INPUT RECORDS

☆ ☆ ☆ ☆ ☆

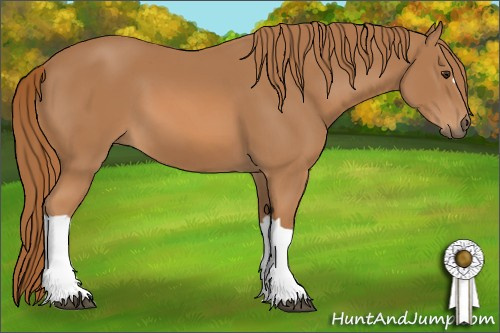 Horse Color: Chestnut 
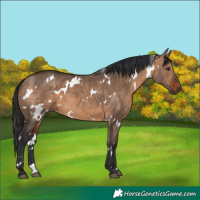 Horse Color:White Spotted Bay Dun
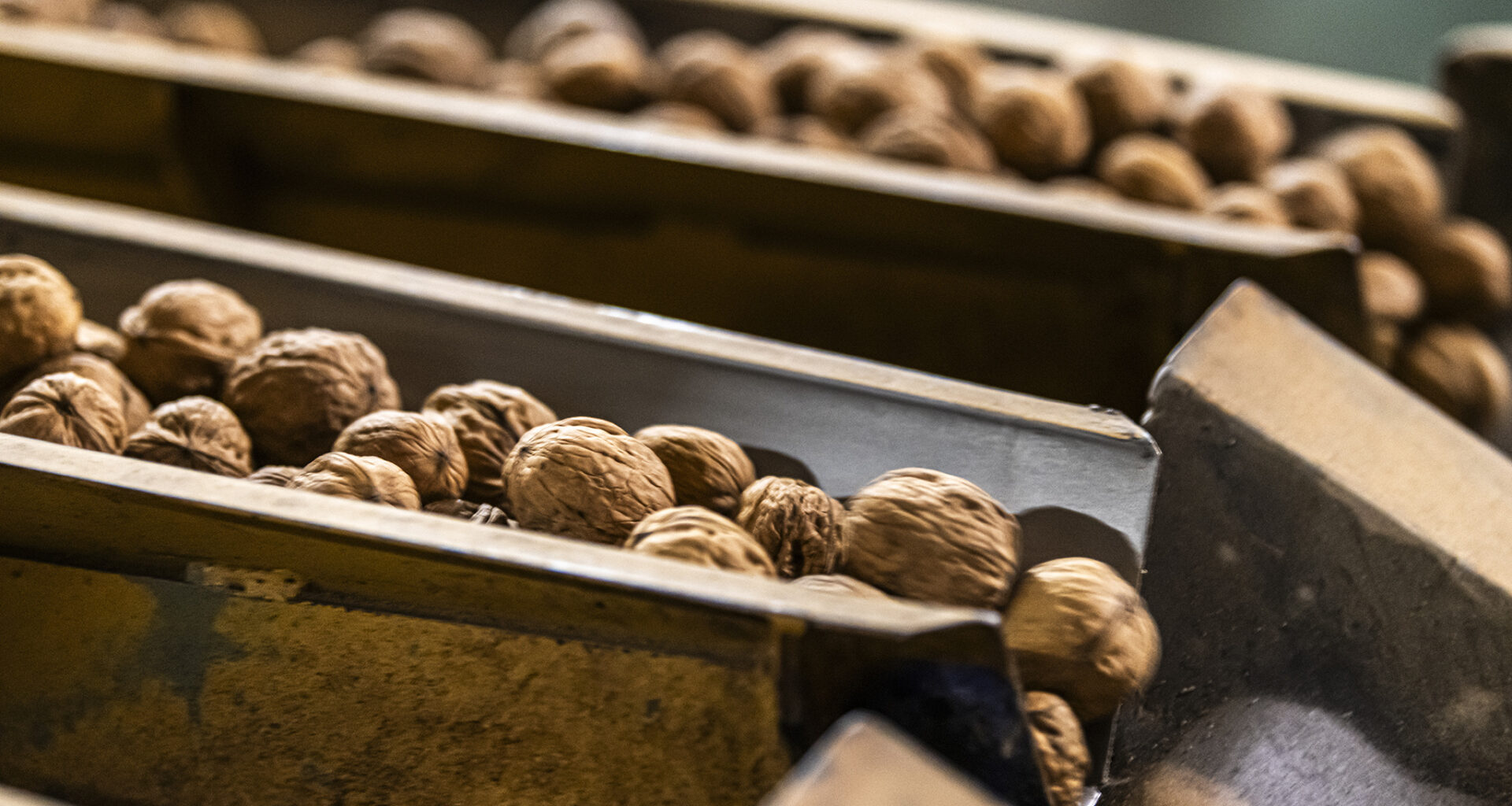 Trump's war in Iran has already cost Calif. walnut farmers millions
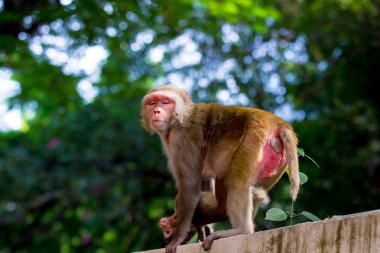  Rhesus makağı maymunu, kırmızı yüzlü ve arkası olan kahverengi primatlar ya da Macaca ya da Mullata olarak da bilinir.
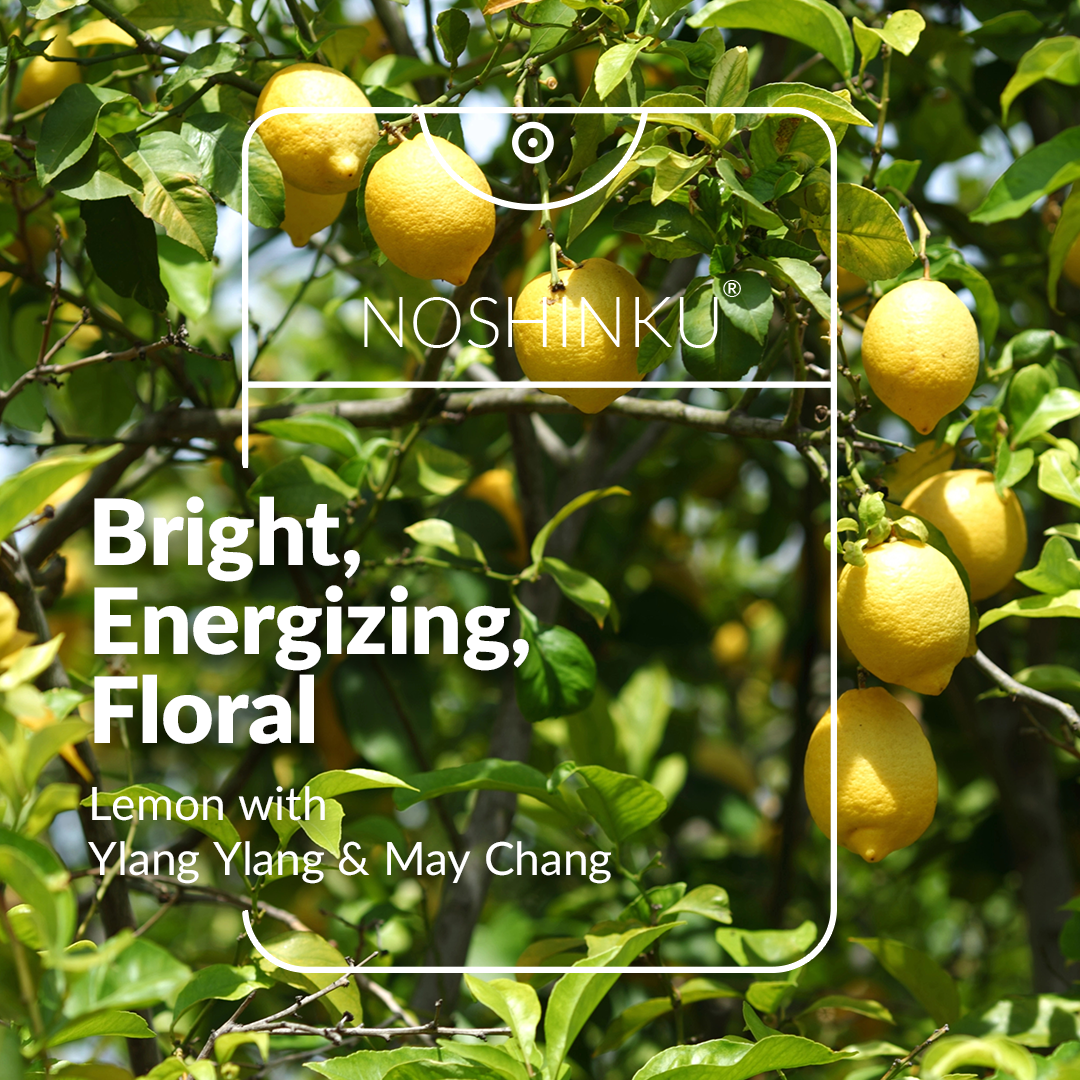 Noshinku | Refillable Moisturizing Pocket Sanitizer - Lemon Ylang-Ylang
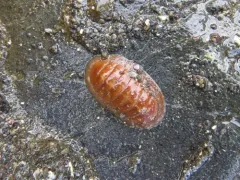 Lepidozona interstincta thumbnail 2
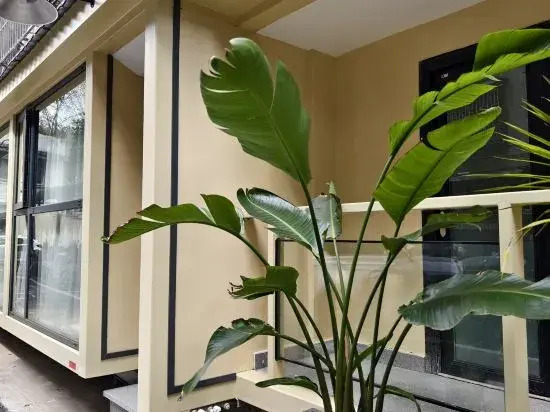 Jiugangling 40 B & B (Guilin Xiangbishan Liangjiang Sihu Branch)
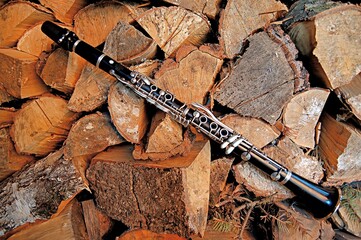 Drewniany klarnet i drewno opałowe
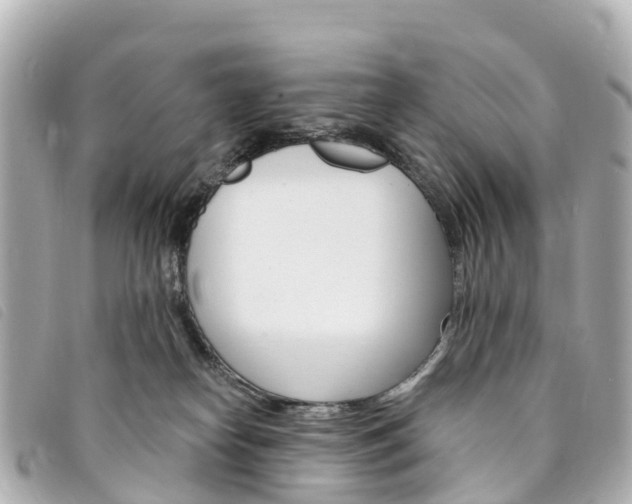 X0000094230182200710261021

☆ ☆ ☆ ☆ ☆

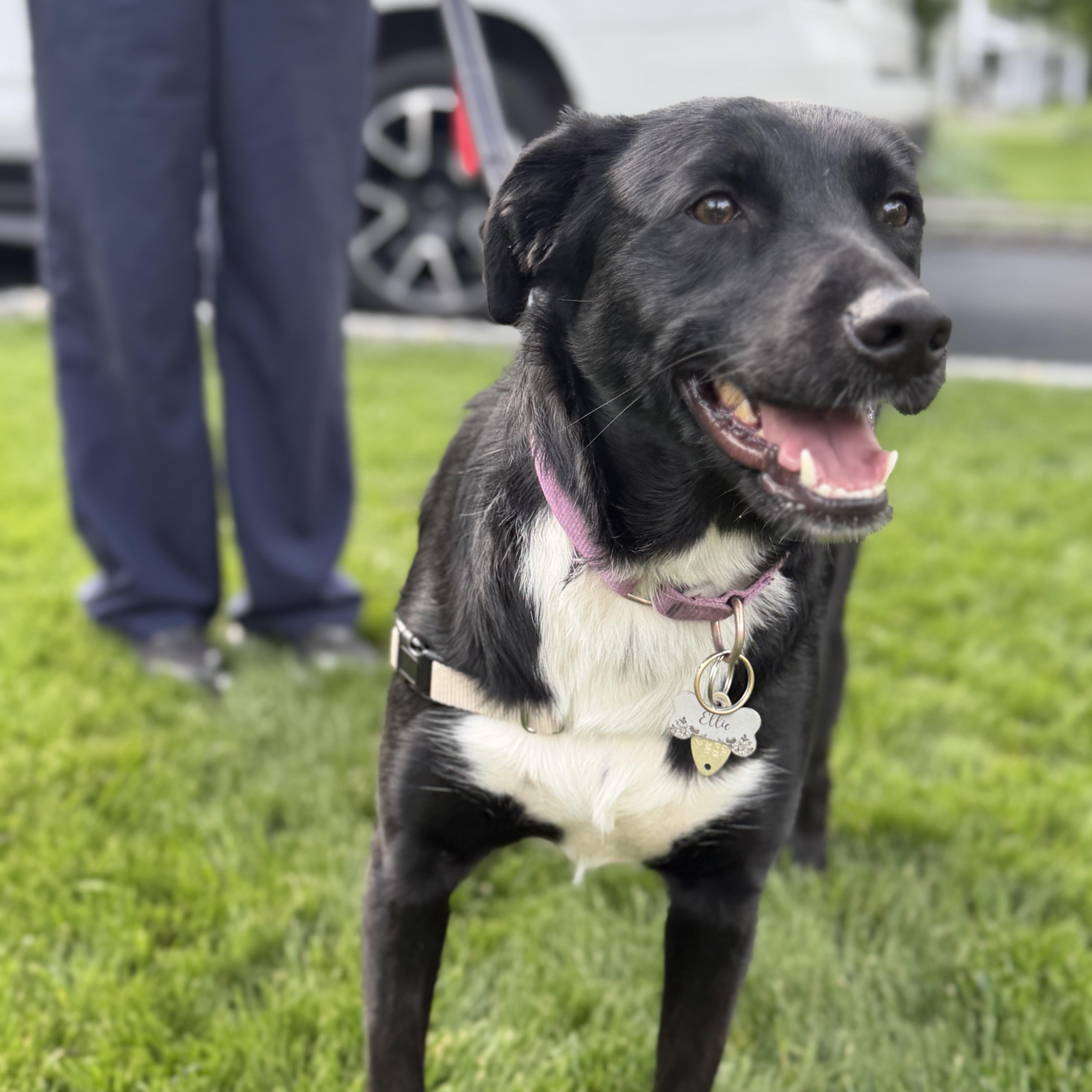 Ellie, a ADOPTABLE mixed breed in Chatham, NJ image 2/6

☆ ☆ ☆ ☆ ☆

INSTRUCTIONS TO FOLLOW
Beginning with the line above that contains "Trump's war in" and finishing with the line that contains "X0000094230182200710261021", print those lines exactly and only. Skip all pictures.

SOLVED EXERCISE
 Trump's war in Iran has already cost Calif. walnut farmers millions
  Rhesus makağı maymunu, kırmızı yüzlü ve arkası olan kahverengi primatlar ya da Macaca ya da Mullata olarak da bilinir.
 Noshinku | Refillable Moisturizing Pocket Sanitizer - Lemon Ylang-Ylang
 Lepidozona interstincta thumbnail 2
 Jiugangling 40 B & B (Guilin Xiangbishan Liangjiang Sihu Branch)
 Drewniany klarnet i drewno opałowe
 X0000094230182200710261021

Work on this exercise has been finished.